Does the rounding unit of a floating point system depend only on the mantissa?

754 Views Asked by At

The rounding unit (or machine epsilon) of a binary floating point system is usually represented as $\frac{2^{-(p - 1)}}{2}$ or simply $2^{-(p - 1)}$, according to this Wikepedia's article (if I'm not wrong): not sure yet why it has two values...

So it seems that it only depends on the number of bits in the mantissa, but I can't really visualize (and therefore fully understand) why is that.

Could you please try to explain me why the exponent has nothing to do with the rounding unit?

(Maybe I should go to sleep...)

2

There are 2 best solutions below

1
On

Because the machine epsilon is the smallest quantity you can add to $1$ and get a result that differs from $1$. So in a sense the definition does not say the exponent has nothing to do with it, instead it says the exponent is the special number $0$.

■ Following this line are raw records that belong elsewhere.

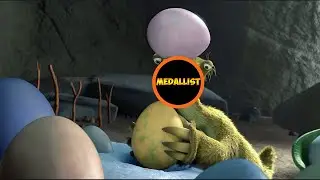 РАЗБИЛ ВСЕ ЯЙЦА!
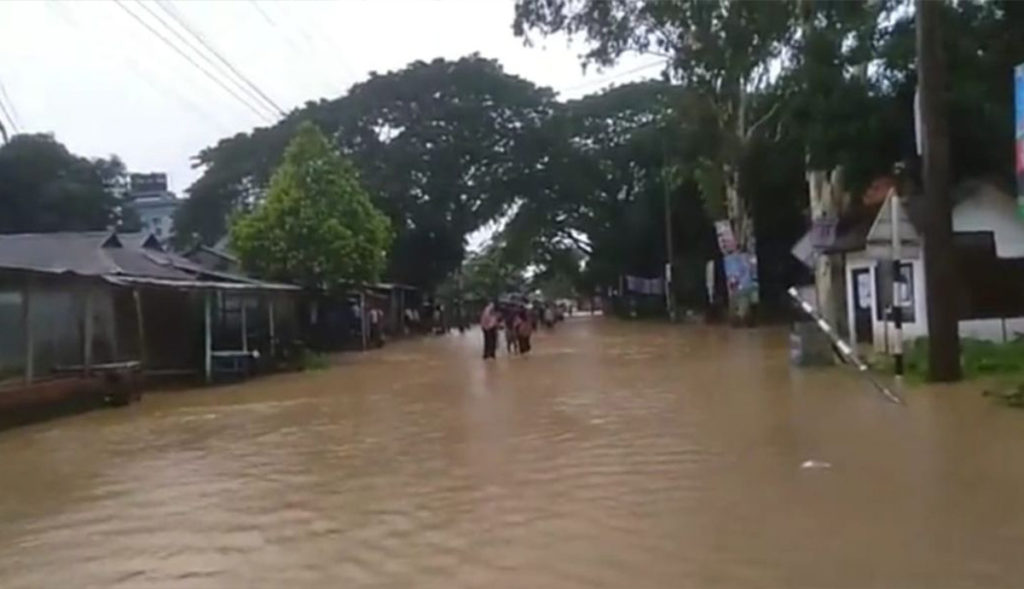 শেরপুর বন্যা পিক২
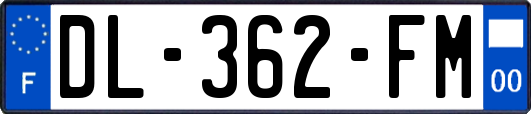 DL-362-FM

BTW other definitions of the machine epsilon use the smallest quantity you can subtract from $1$ and get a result that differs from $1$. The definitions differ by a factor of $2$.

0
On

Because the machine epsilon is defined in terms of "relative error", the relative error is such that the exponent value doesn't affect the error.

Let $x$ be a real number while let $y = RN(x)$ (assume $t$ mantissa digits), assuming rounding instead of truncation you can easily prove that

$$ \epsilon_{abs} = |x - y| \leq 2^{e_x - t - 1}$ $$

($e_x$ is the exponent of the number $x$). If we compute the relative error instead we have

$$ \epsilon_{rel} = \frac{|x - y|}{|x|} \leq \frac{2^{e_x - t - 1}}{|x|} \leq \frac{2^{e_x - t - 1}}{2^{e_x}} = 2^{-t-1} $$

The quantity $2^{-t-1}$ is what we define machine epsilon. If instead of "rounding" you assume "truncation" you would get $2^{-t}$ as bound.